The problem here is that it’s not obvious what the right solver is. Gecode is faster than Chuffed for very small schedules but tails off much faster. I’ve seen some problems where one solver is faster at finding intermediate solutions, while the other is faster at reaching the final solution. There’s also cases where one solver is much slower, but if you add a certain optimization to it then it becomes much faster than the rest. The entire thing is nonlinear and just because I found the best solver for a given set of improvements doesn’t mean I’ve found the best solver for the problem. I settled on Chuffed, but for all I know there’s some configuration which makes Gecode a million times faster.

One super frustrating thing is that every time you open the IDE it defaults to Gecode, no matter what you were using before. There doesn’t seem to be a way to configure a default solver for a project. This isn’t a problem if you use the command line, though.

More Hardware

The other obvious change. Faster computer = faster solving. I’m running this on a 2016 Surface Pro 4 with 8 GB ram and a 2.4 Ghz i5. That’s a hilarious underspecced computer for any kind of computational work.

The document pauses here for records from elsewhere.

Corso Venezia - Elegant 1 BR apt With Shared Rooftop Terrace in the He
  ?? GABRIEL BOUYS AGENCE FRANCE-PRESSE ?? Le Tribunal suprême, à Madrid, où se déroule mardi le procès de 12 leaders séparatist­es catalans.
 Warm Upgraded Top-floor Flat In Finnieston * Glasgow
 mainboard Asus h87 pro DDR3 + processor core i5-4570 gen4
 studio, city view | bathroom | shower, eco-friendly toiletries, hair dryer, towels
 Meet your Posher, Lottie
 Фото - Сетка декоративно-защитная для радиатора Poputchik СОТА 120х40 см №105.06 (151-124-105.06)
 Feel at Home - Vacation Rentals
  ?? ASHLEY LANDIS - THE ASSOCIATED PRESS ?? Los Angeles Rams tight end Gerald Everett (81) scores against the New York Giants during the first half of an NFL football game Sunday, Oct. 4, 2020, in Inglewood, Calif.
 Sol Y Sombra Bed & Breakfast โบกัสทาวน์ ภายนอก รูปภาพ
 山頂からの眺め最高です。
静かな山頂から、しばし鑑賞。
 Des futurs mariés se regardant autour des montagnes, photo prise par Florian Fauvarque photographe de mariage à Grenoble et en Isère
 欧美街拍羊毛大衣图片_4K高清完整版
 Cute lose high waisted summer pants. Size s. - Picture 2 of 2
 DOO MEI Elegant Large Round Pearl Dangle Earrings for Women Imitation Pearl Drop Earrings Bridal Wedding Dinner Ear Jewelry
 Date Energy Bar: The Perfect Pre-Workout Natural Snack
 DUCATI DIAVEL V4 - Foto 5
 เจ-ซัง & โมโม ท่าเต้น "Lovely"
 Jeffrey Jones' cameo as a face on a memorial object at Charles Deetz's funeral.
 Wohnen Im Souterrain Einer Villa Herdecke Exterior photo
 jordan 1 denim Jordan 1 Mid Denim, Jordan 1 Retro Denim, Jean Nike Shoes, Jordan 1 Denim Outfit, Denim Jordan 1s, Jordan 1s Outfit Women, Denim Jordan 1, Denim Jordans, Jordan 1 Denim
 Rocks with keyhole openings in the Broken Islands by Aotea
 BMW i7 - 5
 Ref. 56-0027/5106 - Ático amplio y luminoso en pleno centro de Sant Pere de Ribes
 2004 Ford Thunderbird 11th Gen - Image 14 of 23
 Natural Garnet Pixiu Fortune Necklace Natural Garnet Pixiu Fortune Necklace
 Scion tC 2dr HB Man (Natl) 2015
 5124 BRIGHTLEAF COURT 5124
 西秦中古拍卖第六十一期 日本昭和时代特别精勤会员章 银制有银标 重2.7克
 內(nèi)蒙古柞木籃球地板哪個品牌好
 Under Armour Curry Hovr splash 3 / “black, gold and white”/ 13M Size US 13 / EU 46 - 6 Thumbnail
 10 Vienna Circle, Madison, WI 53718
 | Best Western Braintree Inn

The first problem with “moar hardware” is that it’s sublinear: if I double the cores I’d expect at most a 2x speedup. The second is it doesn’t teach me anything about writing optimized models. I’m better off making my model fast and only then, once I’ve done all the optimizations I could, start paying my way out of this.

Change Optimization Level

The solver isn’t directly solving the MiniZinc constraints. Rather MiniZinc compiles the model and data into an intermediate language called FlatZinc that the solvers can target. We can change the compilation optimization level, ideally making simpler FlatZinc constraints for the solvers to process.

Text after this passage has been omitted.